Плеханов считает, что сама идея использования данных науки для теодеции (то есть для доказательства бытия Бо-жия) отражает исторически сложившийся культурный предел миропонимания не только русских (Кантемир), но и западноевропейских мыслителей (например, Ньютон). Далее он указывает на методологическую уязвимость подобного подхода, так как «для доказательства правильности физико-теологического довода Кантемир заранее предполагает его правильным». Наконец, Плеханов подчеркивает, что Кантемир был не первым и не последним, кто посвятил себя этой неблагодарной задаче, и что Кантемиру известным оправданием могла служить тогдашняя культурная ситуация в России: «Даже между передовыми французскими просветителями второй половины XVIII века, — и даже между деятелями великой революции, — очень немного было людей, достаточно смелых духом для того, чтобы совсем не оставить места «сокровенной силе» в своем представлении о вселенной. Совершенно несправедливо было бы требовать подобной смелости от русского просветителя первой половины этого столетия».

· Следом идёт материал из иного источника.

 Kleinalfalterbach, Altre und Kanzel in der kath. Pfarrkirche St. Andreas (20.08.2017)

Впоследствии к «Трактату» Фенелона обратился Тредиаковский, взяв его за основу в своей работе над теолого-философской поэмой «Феонтия» (1754), где вопрос о соотношении веры и знания, религии и науки был решен в пользу веры и религии.

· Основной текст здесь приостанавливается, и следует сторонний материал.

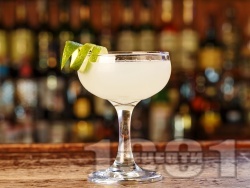 Коктейл Butterscotch Daiquiri с бял ром и карамелен ликьор - снимка на рецептата Коктейл Butterscotch Daiquiri с бял ром и карамелен ликьор - снимка на рецептата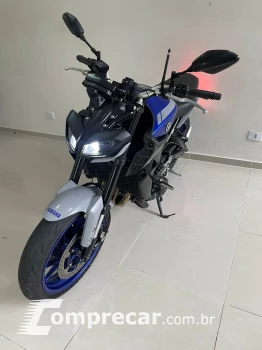MT 09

Так или иначе, к 1740-м годам основные проблемы, волновавшие философскую и научную мысль Западной Европы XVI–XVII веков, стали актуальными и для России. Причем собственно русская специфика постановки и решения этих проблем заключалась в том, что к ним обращались люди, далекие от естествознания. Феофан был в высшей степени компетентен в богословии и хорошо знал философию Просвещения, но перед ним стояла задача подчинения и той и другой государственному принципу (наука третировалась только как служанка монархии). Кантемир, хотя и был основательно осведомлен в истории философии и естествознания (о чем свидетельствуют примечания к сатирам и перевод «Разговоров о множестве миров»), но это была основательная осведомленность гуманитария, серьезного и умного дилетанта, который понимал науку вообще только как эмпирическую дисциплину, но не как новое мировоззрение со своим инструментарием познания, со своею внутренней логикой развития, со своим подходом к всеобщей и единственной Истине, которую ищет все человечество (ограниченность подобной трактовки науки вполне обозначилась в «Письмах о природе и человеке»). Точно так же позднее и Тредиаковский, имевший прежде всего превосходную гуманитарную подготовку (с уклоном в теологию и филологию), не сумел и не пожелал признать за новой наукой позитивное мировоззренческое содержание и все свои предпочтения отдал богословию, этой, с его точки зрения, науке наук.
Короче говоря, до выхода Ломоносова на самостоятельный творческий путь не было в России деятеля, который видел бы в науке созидательное культурное начало, открывающее и приумножающее величественность, осмысленность и красоту мира и, в процессе всего этого, духовно раскрепощающее человека. Как мы увидим, такой взгляд на науку был присущ ему с самого начала до самого конца его пути.
3
Ломоносов не оставил после себя в собственном смысле слова, философских сочинений. Однако характер и объем его культурной работы настоятельно требовали от него именно универсально философского осмысления всех многообразных ее направлений, что было бы невозможно, если бы ломоносовский духовный потенциал не заключал в себе того изначального (пожалуй, даже донаучного, априорного) качества, которое академиком С. И. Вавиловым было определено как «глубокое понимание неразрывной связи всех видов человеческой деятельности и культуры».